The Tax Court found that the collective agreement was “applicable to the employer” and that the taxpayer voluntarily extended it to non-trade union members. And, although the agreement was entered into by the trade union on behalf of its members, the taxpayer could extend its terms to all employees whether members of the trade union or not. The Tax Court, as a result, found in favour of the taxpayer that CSARS’ refusal to allow the ETI deduction for non-trade union employees was without merit. The Tax Court then considered whether the taxpayer was entitled to claim the ETI in respect of employees who had taken unpaid leave or who had not been employed for a full calendar month, the relevant starting point being the definition of “monthly remuneration” in the ETI Act which applied at the time that the assessments were made. The ETI Act definition of monthly remuneration was amended (effective 1 March 2017) and now provides that (a) where an employer employs and pays remuneration to a qualifying employee for at least 160 hours in a month, means the amount paid or payable to the qualifying employee by the employer in respect of a month; or (b) where an employer employs a qualifying employee and pays remuneration to that employee for less than 160 hours in a month, means an amount calculated in terms of section 7(5). The reference to “in respect of a month” contained in “qualifying employee in respect of a month” is one of the factors that assist with the determination of whether an employee is a “qualifying employee”, given the earnings threshold imposed to qualify for the ETI for an employee. This requires a calculation of remuneration which would notionally have been earned by the employee if a full month had been worked.

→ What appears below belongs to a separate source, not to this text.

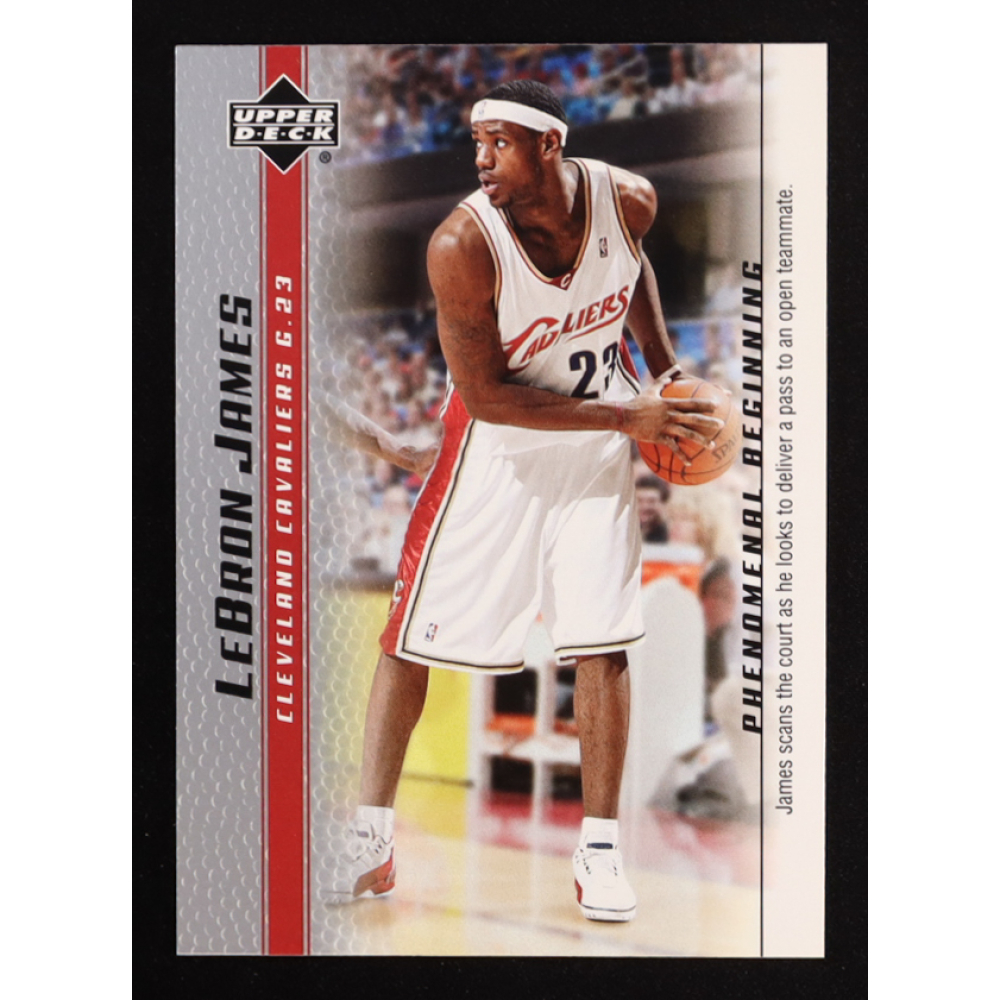 LeBron James 2003-04 Upper Deck Phenomenal Beginning LeBron James #17 RC at PristineAuction.com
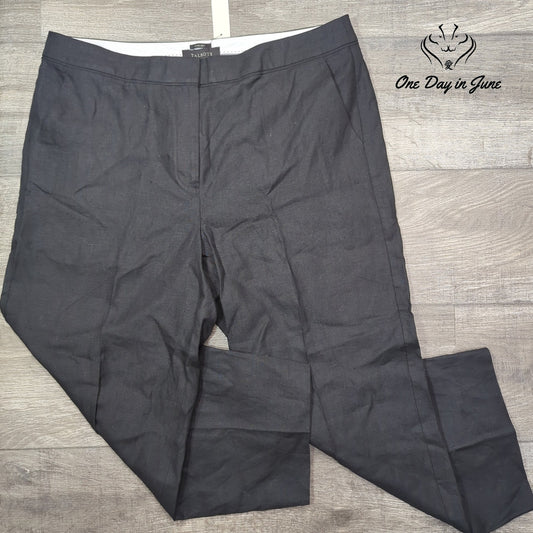 Talbots Chelsea Linen Pants Size 14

The ETI applies to employees who have not worked a full calendar month if their remuneration, had they notionally have done so, fell within the prescribed ETI threshold. Then it would be permissible to claim the ETI based on a pro-rated basis of the days actually worked.


This was a victory for the taxpayer on the ETI, and the Tax Court rightfully so held in favour of the taxpayer. Although not specifically addressed by this extract of Case 14426, the substance of ETI structures need to be considered very carefully to ensure full compliance with the law.